Top of Source information

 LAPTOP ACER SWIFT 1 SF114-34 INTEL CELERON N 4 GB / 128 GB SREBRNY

Bottom of Source information
Top of Source information

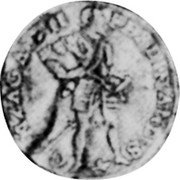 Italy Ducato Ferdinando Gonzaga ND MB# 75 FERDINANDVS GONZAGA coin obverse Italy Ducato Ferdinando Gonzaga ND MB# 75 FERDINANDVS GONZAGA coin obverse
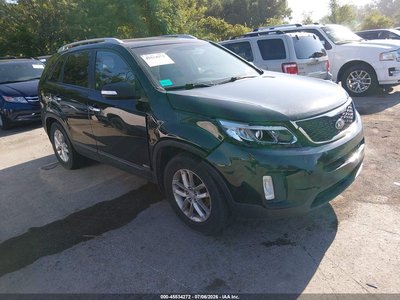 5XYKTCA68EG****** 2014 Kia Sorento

Bottom of Source information

▶ [Exercise description]
Above, find the line with "coin obverse Italy"; copy it and every line down to the line with "5XYKTCA68EG****** 2014 Kia Sorento", exactly and both included, but no pictures.

▶ [Solution to the exercise]
 Italy Ducato Ferdinando Gonzaga ND MB# 75 FERDINANDVS GONZAGA coin obverse Italy Ducato Ferdinando Gonzaga ND MB# 75 FERDINANDVS GONZAGA coin obverse
 5XYKTCA68EG****** 2014 Kia Sorento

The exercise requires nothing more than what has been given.